OIL SHOCK, JOBS AND CPI

Oil roared to an all-time high Friday on the weaker dollar, tensions between Israel and Iran, and a Morgan Stanley forecast that falling U.S. crude stockpiles could push oil to $150 a barrel by July 4.

During the New York Mercantile Exchange's regular session, U.S. crude oil for July delivery CLN8 climbed to an intraday record of $139.01 -- overtaking the previous record of $135.09 set on May 22. NYMEX July crude also settled at a record $138.54 a barrel, up $10.75, or 8.41 percent for the day. And that surge followed Thursday's gain of $5.49.

In Friday's post-settlement trading, NYMEX July crude shot even higher -- to a record $139.12.

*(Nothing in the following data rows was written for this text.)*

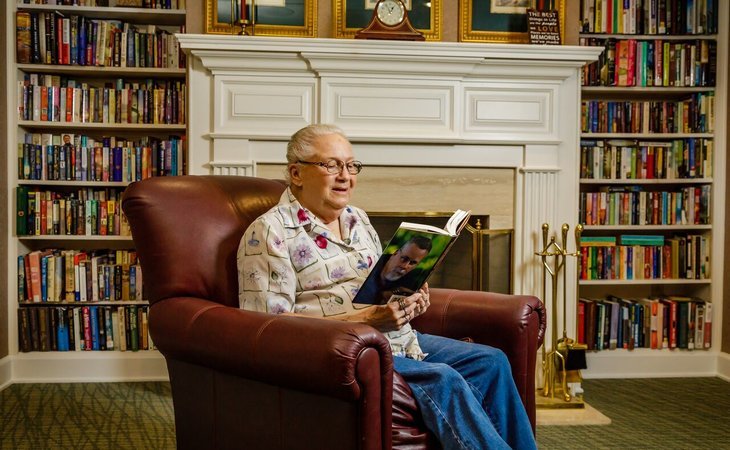 solaris-senior-living-merritt-island-32953-32135_7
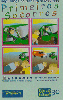 1437  SP  06/02 Abramet 1º Socorros (01/04)  Tir.420.000 Interp.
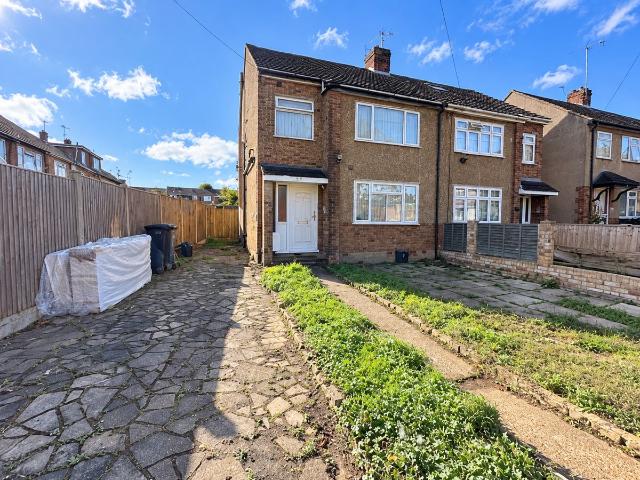 Room for rent in Cheshunt, Broxbourne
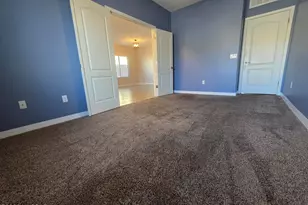 5549 W Jade Rock Pl, Tucson, AZ 85742 - Photo 23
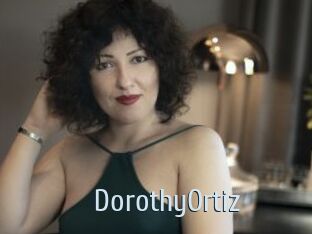 DorothyOrtiz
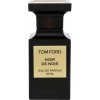 Tom Ford Noir de Noir parfumovaná voda unisex 50 ml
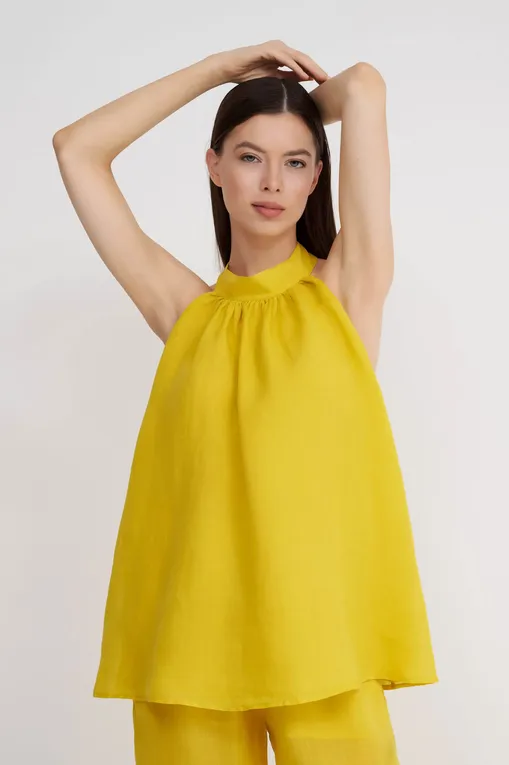 Топы Fisico S4FFM75N0 CEDRO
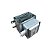 Magnetron para micro-ondas  2M319K/219K - Imagem 1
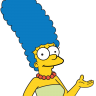 olhash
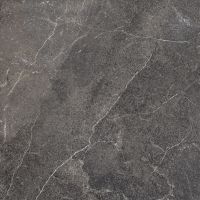 Керамогранит New Trend Karakum Dark матовый арт-D60258М — фото 11, Керамогранит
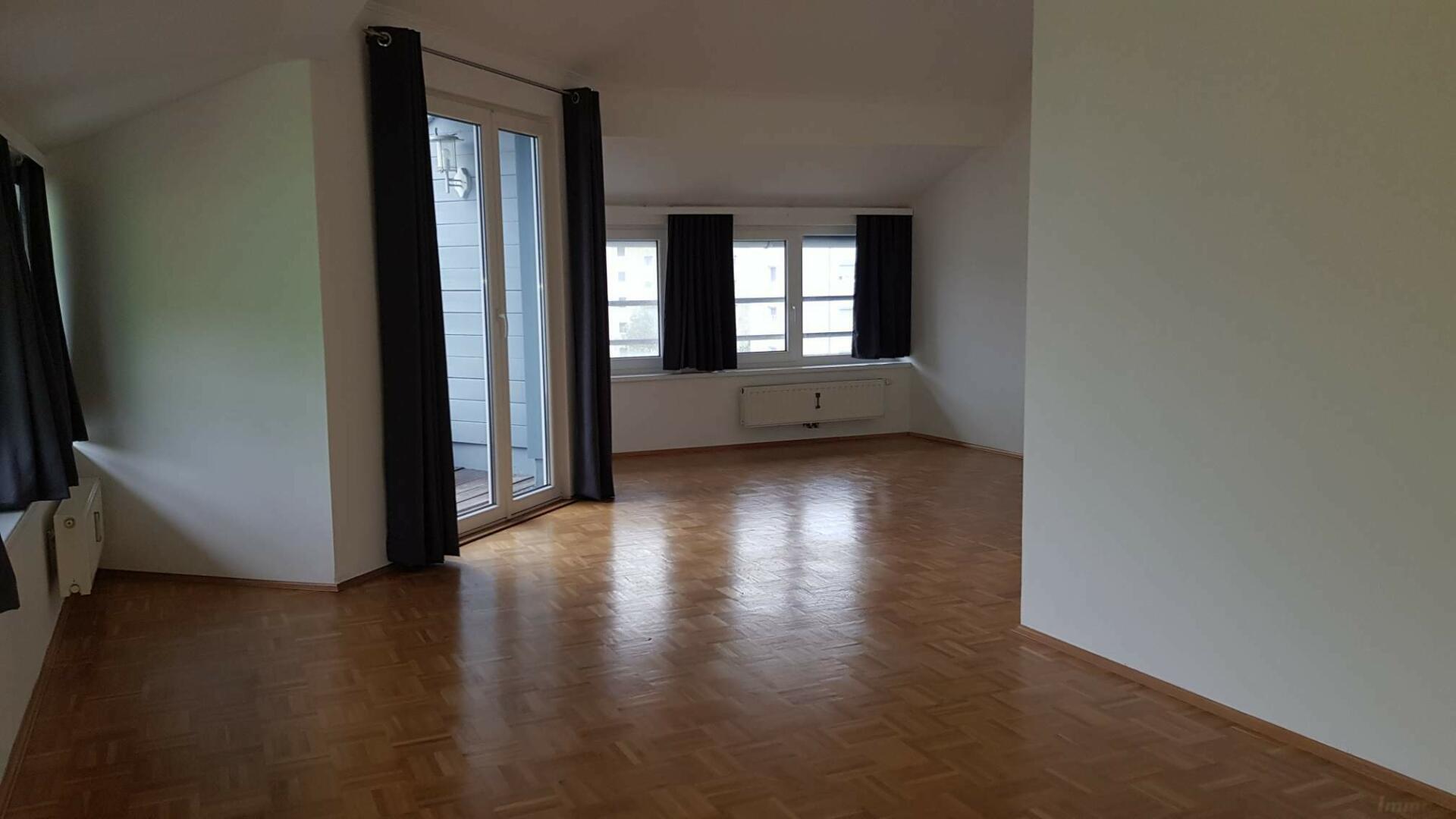 Wohnung zu kaufen: 8020 Graz - 0_20200711_171017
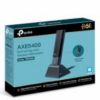 PLACA RED USB TP-LINK ARCHER TXE70UH AXE5400 WIFI 6E HIGH GAIN WIRELESS BOX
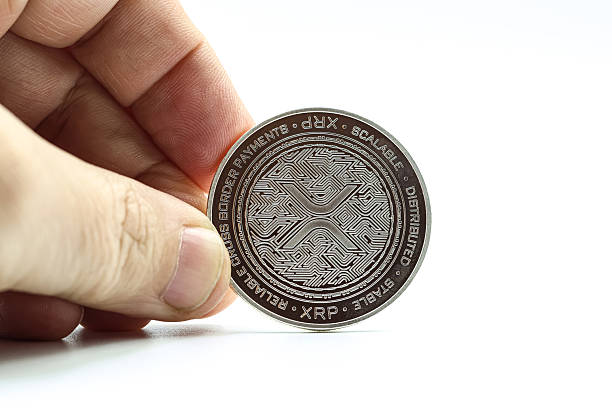 XRP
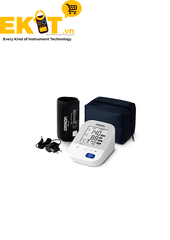 Máy đo huyết áp OMRON HEM-7156A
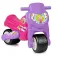 Feber Moto1 Sprint Violet Loopauto
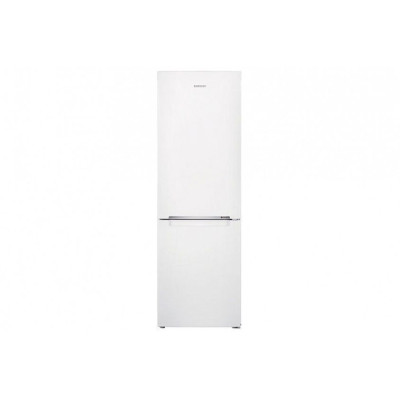 Холодильник SAMSUNG RB 30J3000WW Холодильник SAMSUNG RB 30J3000WW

The jump in the U.S. unemployment rate to 5.5 percent in May from 5.0 percent in April and Friday's spike in oil prices to a record were certain to dominate the front-page headlines of the weekend newspapers.

"That news is going to scare the daylights out of the average person," said Paul Mendelsohn, chief investment strategist at Windham Financial Services in Charlotte, Vermont. "You're seeing some bad follow (through) ... that could put pressure on the market."

In the week ahead, the U.S. Consumer Price Index for May will get more scrutiny than usual as Wall Street keeps inflation in mind. The CPI report, due on Friday, will be looked at to see whether soaring oil prices have spilled over into the core index, which excludes food and energy.

Economists polled by Reuters expect that the overall CPI rose 0.5 percent in May, compared with a gain of 0.2 percent in April. They forecast core CPI up 0.2 percent in May, after an increase of just 0.1 percent in April.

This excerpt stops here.